Exhibit 8: Funding rates show moderate level of speculative length in altcoins
In contrast, perpetual futures open interest (OI) in altcoins has reached relatively high levels. Prior to the major liquidation event on Monday, December 9, altcoin OI reached nearly $54bn across the three largest perpetual futures exchanges (Exhibit 9). This points to a relatively high degree of speculative trader length across the broader market. After a large wave of liquidations earlier this week, altcoin OI declined by about $10bn but remains elevated. High speculative trader long positioning can be consistent with the later stages of a market cycle, so this indicator could be important to continue to monitor.

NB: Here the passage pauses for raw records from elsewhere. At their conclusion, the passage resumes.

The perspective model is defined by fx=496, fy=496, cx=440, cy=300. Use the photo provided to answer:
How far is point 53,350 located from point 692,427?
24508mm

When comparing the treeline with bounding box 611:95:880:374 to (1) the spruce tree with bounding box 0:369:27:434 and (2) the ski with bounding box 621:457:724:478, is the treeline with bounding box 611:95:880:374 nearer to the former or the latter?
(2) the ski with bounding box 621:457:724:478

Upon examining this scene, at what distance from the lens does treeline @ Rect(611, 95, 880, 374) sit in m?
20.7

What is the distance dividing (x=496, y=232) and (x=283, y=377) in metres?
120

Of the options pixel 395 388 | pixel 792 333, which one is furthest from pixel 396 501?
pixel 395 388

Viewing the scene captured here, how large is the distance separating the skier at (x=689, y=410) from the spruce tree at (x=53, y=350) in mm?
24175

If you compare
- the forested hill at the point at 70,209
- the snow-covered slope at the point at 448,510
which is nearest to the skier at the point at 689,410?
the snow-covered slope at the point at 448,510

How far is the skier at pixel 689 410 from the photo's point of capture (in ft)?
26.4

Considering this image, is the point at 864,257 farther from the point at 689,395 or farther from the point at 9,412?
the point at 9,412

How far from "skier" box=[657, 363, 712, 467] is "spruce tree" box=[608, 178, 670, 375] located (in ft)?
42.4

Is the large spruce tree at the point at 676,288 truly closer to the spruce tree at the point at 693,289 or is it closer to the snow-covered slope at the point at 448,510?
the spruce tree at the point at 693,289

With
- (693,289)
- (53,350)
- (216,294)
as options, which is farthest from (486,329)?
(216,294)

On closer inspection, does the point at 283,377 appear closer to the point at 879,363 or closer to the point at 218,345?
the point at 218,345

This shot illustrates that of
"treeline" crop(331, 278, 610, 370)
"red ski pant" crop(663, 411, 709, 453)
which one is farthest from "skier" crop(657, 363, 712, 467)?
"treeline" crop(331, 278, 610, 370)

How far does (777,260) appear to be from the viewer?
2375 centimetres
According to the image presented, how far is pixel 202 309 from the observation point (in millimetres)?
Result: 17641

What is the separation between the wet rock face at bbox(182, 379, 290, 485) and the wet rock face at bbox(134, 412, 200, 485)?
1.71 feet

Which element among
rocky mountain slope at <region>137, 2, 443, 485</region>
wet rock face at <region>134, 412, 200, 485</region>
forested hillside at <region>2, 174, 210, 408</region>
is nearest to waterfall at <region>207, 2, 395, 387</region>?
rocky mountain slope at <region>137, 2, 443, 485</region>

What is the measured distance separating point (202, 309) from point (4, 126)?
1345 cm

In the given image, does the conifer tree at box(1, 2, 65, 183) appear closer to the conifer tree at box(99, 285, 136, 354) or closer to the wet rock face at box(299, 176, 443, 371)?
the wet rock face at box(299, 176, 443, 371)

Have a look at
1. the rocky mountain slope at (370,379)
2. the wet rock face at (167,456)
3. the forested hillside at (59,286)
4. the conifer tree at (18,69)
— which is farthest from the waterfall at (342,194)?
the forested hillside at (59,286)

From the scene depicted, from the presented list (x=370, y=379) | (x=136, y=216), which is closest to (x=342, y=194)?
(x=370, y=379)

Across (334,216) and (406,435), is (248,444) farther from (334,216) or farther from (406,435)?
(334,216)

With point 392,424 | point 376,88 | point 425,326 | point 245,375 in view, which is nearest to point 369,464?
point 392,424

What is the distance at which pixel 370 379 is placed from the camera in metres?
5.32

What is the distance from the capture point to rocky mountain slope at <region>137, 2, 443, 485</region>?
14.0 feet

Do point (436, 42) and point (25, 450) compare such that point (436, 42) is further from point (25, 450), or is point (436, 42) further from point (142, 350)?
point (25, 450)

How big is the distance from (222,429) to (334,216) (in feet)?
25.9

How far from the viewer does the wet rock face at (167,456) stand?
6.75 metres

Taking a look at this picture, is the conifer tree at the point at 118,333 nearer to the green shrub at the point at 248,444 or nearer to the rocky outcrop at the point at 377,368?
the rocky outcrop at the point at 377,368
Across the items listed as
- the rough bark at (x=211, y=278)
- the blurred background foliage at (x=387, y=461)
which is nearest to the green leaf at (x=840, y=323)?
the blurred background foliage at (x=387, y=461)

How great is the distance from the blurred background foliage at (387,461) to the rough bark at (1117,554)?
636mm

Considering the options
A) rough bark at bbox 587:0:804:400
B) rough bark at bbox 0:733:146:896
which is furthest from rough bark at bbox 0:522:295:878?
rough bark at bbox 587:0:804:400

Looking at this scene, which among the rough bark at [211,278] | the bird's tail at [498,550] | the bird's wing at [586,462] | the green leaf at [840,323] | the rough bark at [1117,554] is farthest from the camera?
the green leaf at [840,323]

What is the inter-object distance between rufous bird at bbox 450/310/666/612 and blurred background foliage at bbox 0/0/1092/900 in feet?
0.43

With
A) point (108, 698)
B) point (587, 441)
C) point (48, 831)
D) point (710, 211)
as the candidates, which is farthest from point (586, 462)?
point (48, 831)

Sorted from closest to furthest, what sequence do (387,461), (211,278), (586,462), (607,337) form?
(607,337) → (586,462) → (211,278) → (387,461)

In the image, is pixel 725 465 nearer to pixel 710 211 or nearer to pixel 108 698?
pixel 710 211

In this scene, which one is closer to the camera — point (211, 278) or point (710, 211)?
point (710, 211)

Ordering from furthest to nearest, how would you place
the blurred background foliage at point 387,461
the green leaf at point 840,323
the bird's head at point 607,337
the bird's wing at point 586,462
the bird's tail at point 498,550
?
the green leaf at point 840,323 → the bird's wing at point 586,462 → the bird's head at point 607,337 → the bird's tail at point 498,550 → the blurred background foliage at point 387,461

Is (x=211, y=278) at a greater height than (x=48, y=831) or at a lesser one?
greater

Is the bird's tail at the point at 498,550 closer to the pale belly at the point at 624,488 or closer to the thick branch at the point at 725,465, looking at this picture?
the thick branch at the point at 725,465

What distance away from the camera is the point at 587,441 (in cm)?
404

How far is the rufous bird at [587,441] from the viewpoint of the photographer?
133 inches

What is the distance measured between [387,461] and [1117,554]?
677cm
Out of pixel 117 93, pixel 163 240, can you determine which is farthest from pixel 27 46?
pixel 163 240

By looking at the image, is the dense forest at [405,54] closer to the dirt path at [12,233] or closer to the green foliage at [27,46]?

Exhibit 9: High level of altcoin open interest before recent liquidations
The Beat Goes On
Digital assets markets have come a long way since Bitcoin was created in 2009, and many features of the current crypto bull market differ from the past. Most importantly, the approval of spot Bitcoin and Ether ETPs in the U.S. market has resulted in $36.7bn of net capital inflows and has helped bring these assets into more traditional portfolios.[5] Moreover, in our view, the recent U.S. election will likely bring more regulatory clarity to the market and help secure a permanent place for digital assets in the world’s largest economy — a major change compared to the past, when observers repeatedly questioned the long-term future for the crypto asset class. For these reasons, valuations for Bitcoin and other crypto assets may not follow the recurring four-year cycles that have characterized the asset class during its early history.

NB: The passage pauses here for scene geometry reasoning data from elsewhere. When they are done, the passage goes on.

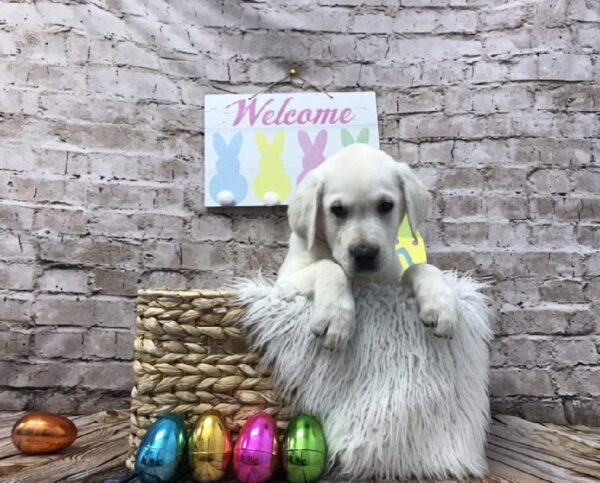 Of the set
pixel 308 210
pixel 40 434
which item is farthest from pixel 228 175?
pixel 40 434

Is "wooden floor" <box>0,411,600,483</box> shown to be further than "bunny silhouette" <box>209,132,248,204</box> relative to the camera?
No

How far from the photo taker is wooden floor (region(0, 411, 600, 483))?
110 cm

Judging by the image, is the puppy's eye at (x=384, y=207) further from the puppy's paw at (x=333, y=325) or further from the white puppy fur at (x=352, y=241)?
the puppy's paw at (x=333, y=325)

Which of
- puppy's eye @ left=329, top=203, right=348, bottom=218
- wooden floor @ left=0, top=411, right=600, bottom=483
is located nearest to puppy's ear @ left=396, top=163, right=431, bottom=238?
puppy's eye @ left=329, top=203, right=348, bottom=218

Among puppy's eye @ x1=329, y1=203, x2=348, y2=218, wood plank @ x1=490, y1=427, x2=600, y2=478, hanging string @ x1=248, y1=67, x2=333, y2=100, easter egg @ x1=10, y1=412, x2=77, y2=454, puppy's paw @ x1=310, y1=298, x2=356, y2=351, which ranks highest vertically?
hanging string @ x1=248, y1=67, x2=333, y2=100

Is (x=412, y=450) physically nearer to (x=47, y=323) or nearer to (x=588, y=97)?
(x=47, y=323)

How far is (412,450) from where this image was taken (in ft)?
3.47

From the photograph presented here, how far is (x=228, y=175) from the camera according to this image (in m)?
1.87

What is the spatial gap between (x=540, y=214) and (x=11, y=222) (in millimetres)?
1907

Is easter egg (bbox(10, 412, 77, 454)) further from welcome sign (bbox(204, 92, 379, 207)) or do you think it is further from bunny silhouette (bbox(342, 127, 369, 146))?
bunny silhouette (bbox(342, 127, 369, 146))

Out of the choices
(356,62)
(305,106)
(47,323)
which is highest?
(356,62)

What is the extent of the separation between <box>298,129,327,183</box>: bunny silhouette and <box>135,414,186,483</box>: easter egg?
1.09 meters

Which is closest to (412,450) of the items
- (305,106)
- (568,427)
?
(568,427)

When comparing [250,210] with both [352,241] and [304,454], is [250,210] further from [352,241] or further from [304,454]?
[304,454]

At the same time, Bitcoin and many other crypto assets can be considered digital commodities, and like other commodities, probably will show a certain degree of price momentum. Therefore, an evaluation of on-chain indicators, as well as altcoin positioning data, could be informative for investors making risk management decisions. Grayscale Research sees the current mix of indicators as consistent with an intermediate stage of the crypto market cycle: measures like the MVRV Ratio are well above their cyclical low point, but not yet at levels that have marked prior market tops. As long as supported by fundamentals — like application adoption and broader macro market conditions — we see no reason why the crypto bull market can’t continue into 2025 and beyond.

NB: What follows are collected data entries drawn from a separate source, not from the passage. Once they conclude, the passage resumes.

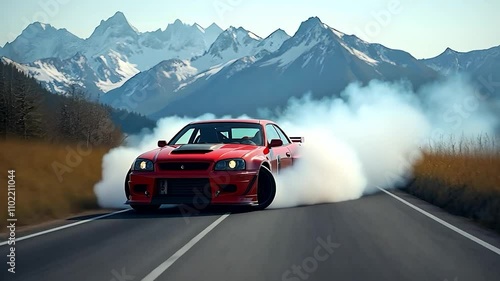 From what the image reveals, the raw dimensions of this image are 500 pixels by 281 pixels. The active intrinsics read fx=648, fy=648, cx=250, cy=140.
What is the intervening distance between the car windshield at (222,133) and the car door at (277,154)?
0.32 meters

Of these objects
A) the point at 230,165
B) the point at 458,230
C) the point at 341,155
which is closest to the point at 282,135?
the point at 341,155

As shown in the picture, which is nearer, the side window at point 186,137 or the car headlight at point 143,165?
the car headlight at point 143,165

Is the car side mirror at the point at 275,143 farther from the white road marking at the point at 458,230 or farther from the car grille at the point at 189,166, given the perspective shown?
the white road marking at the point at 458,230

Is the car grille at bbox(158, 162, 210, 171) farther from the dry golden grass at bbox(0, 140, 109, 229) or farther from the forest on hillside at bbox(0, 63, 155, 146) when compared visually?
the forest on hillside at bbox(0, 63, 155, 146)

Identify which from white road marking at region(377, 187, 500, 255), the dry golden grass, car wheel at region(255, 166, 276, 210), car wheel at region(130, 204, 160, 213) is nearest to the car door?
car wheel at region(255, 166, 276, 210)

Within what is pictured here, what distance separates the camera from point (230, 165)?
36.8 ft

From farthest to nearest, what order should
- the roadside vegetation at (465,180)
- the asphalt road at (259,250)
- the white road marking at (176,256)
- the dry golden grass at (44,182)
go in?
the roadside vegetation at (465,180), the dry golden grass at (44,182), the asphalt road at (259,250), the white road marking at (176,256)

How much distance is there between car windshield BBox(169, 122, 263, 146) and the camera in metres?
13.0

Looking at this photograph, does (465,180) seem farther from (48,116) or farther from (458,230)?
(48,116)

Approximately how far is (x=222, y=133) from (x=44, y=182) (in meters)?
4.46

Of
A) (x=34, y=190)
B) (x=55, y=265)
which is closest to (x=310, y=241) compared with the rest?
(x=55, y=265)

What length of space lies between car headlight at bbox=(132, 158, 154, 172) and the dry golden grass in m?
1.81

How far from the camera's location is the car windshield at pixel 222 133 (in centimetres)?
1298

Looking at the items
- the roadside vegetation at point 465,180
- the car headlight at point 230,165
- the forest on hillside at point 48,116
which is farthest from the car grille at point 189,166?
the forest on hillside at point 48,116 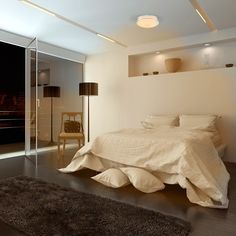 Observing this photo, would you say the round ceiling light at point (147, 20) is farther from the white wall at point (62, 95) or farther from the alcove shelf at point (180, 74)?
the white wall at point (62, 95)

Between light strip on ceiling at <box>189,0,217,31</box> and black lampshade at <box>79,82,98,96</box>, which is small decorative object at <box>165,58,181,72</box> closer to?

[1] In a financial markets context, a random walk refers to the idea that asset prices evolve in an unpredictable way, in which information of past events holds no information about future results.
[2] Free Float Bitcoin supply defined by Coin Metrics as tokens active at least once in last five years.
[3] Exhibit 7 only shows the two most recent cycles, because the altcoin market was not sufficiently developed before that point.
[4] Defined as the largest tokens by market capitalization after Bitcoin with available data. No data was available for TON, so next largest asset DOT included instead.
[5] Source: Bloomberg, Grayscale Investments. Data as of December 11, 2024.